§ **Exercise directions**
An exact repeat is needed of the lines from the one with "2022年4月19日，在山东" through the last line of the data below. Please omit the pictures.

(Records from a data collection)
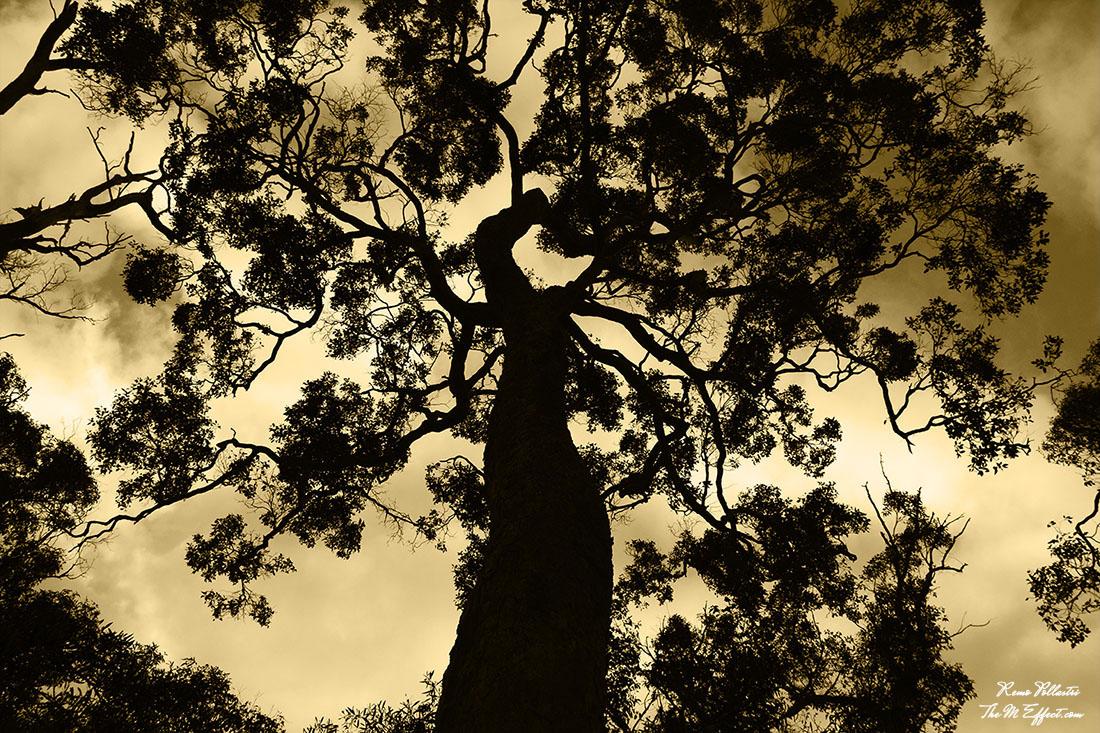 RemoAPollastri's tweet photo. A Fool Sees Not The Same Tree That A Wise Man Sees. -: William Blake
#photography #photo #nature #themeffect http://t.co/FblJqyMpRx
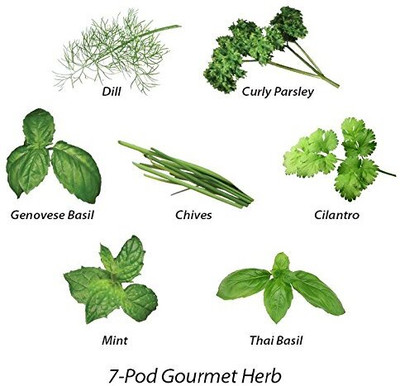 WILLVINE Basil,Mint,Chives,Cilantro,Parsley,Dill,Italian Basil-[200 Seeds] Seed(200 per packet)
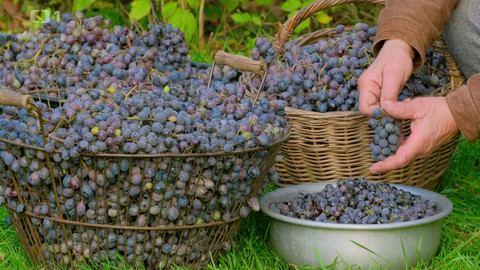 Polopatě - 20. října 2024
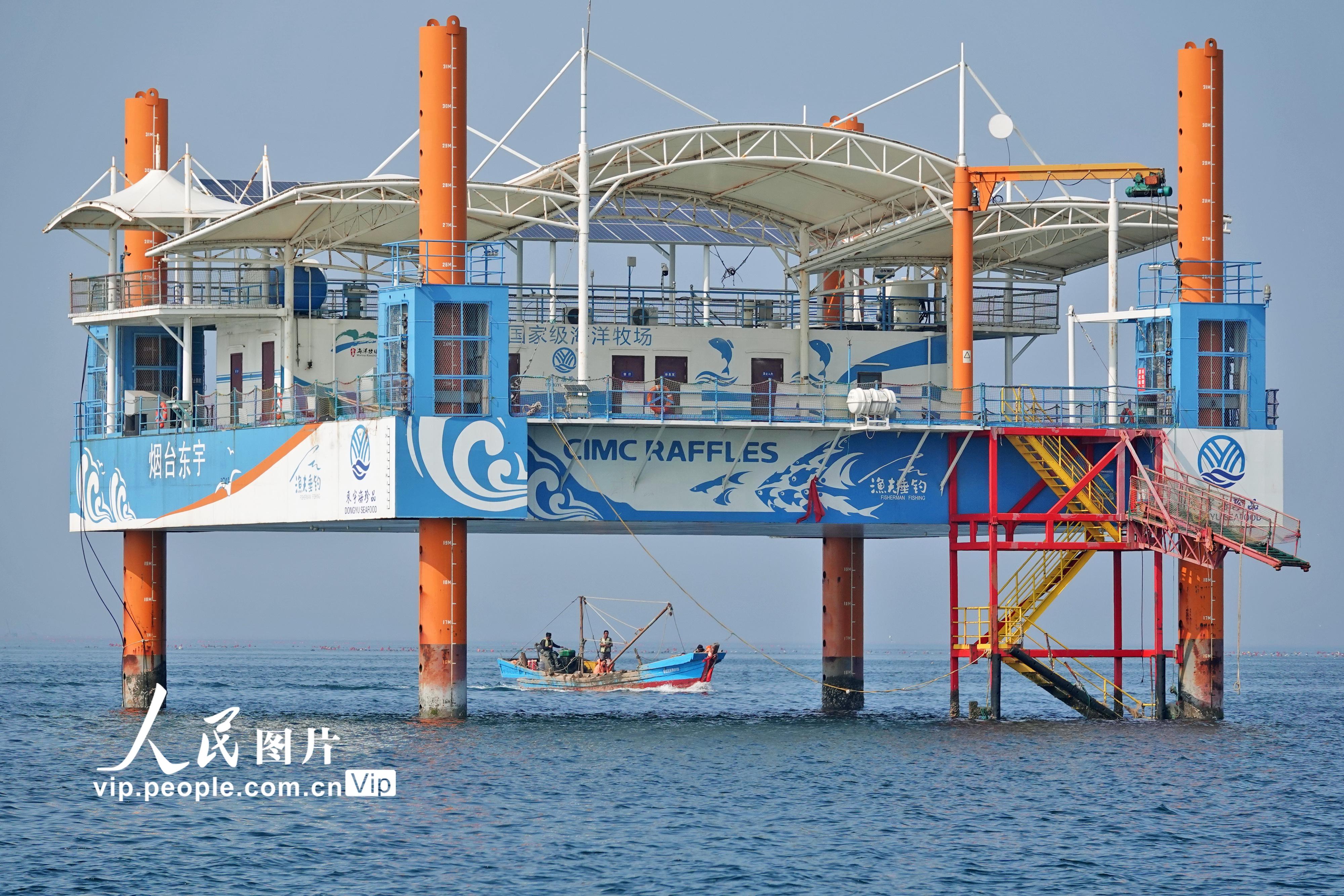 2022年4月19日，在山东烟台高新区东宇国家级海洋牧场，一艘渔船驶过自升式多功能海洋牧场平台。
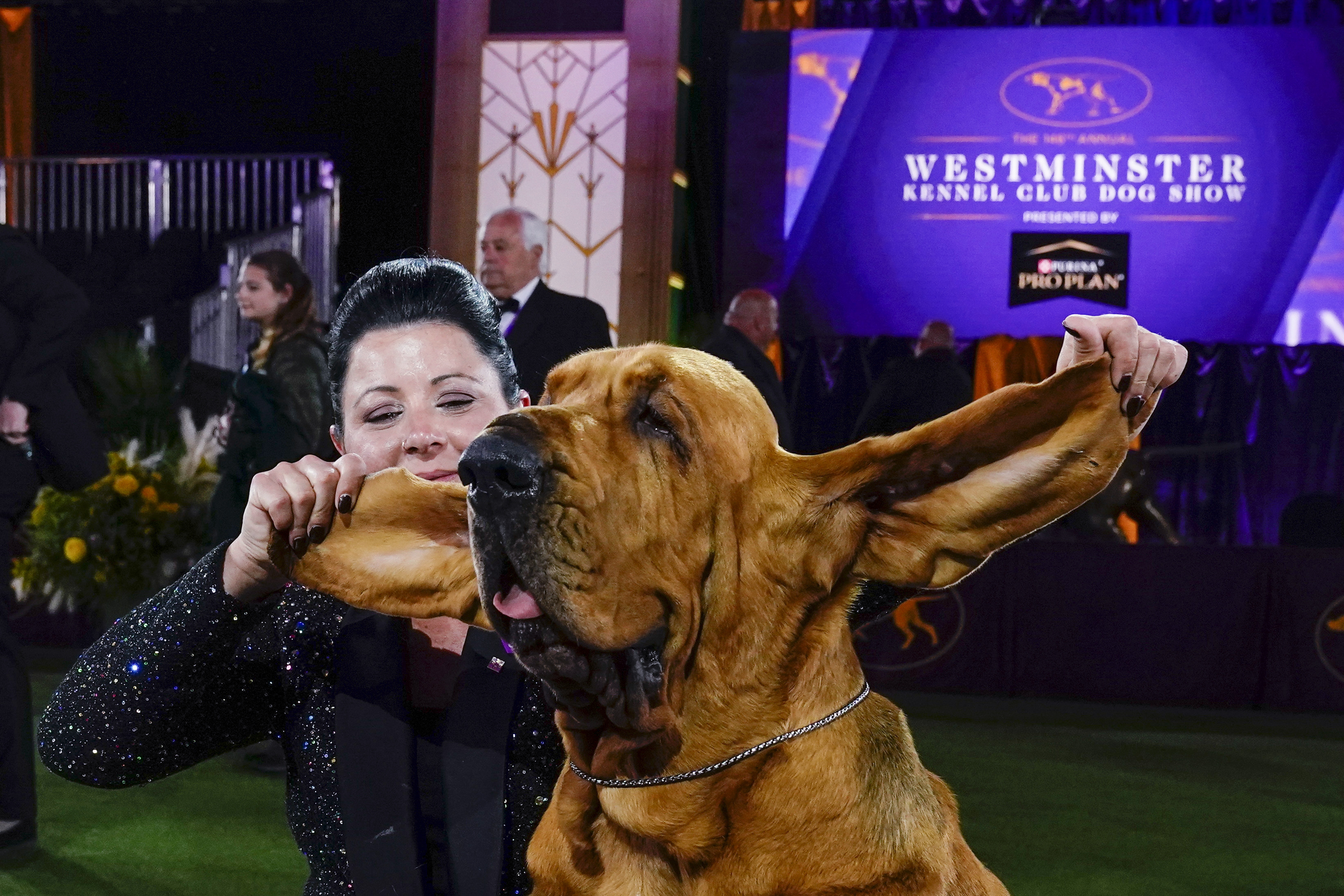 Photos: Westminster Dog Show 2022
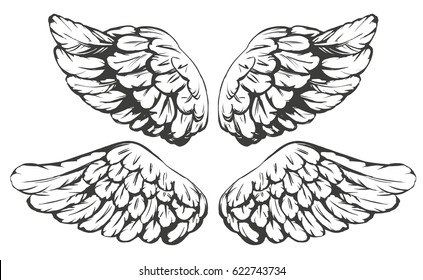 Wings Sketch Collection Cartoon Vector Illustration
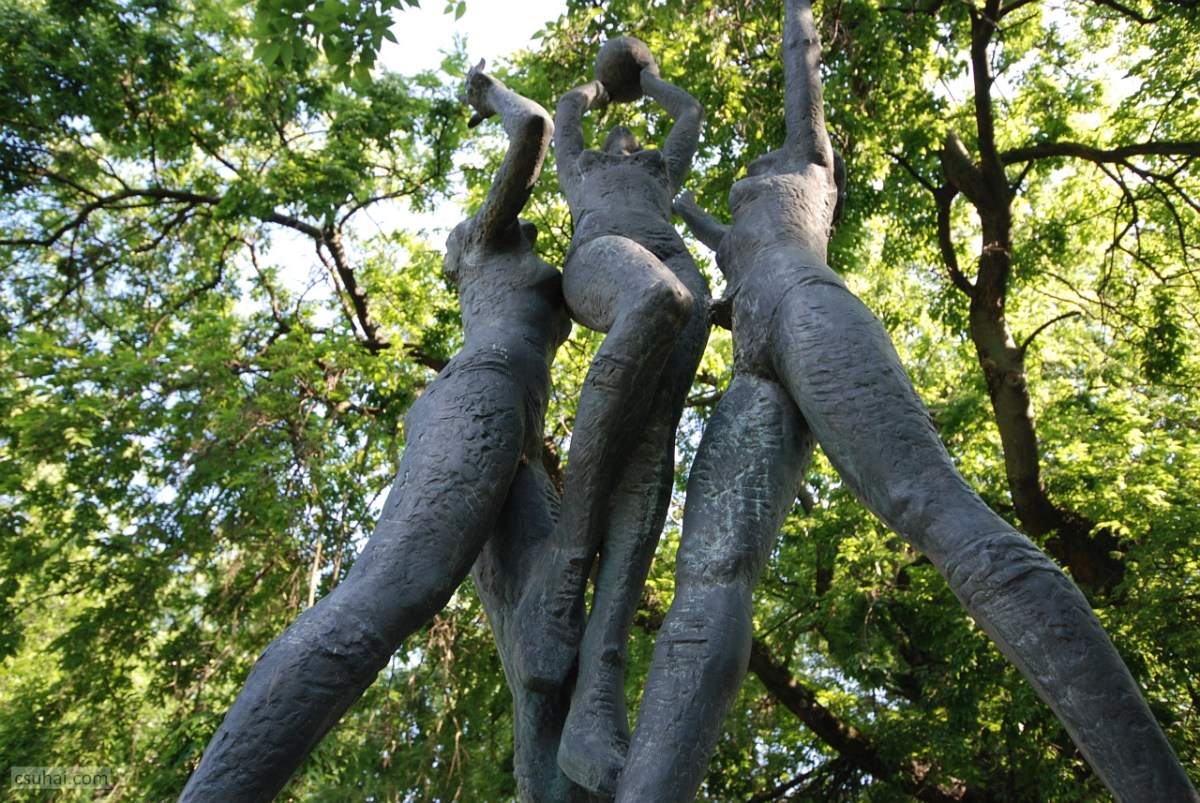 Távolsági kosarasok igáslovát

§ **Response to this exercise**
 2022年4月19日，在山东烟台高新区东宇国家级海洋牧场，一艘渔船驶过自升式多功能海洋牧场平台。
 Photos: Westminster Dog Show 2022
 Wings Sketch Collection Cartoon Vector Illustration
 Távolsági kosarasok igáslovát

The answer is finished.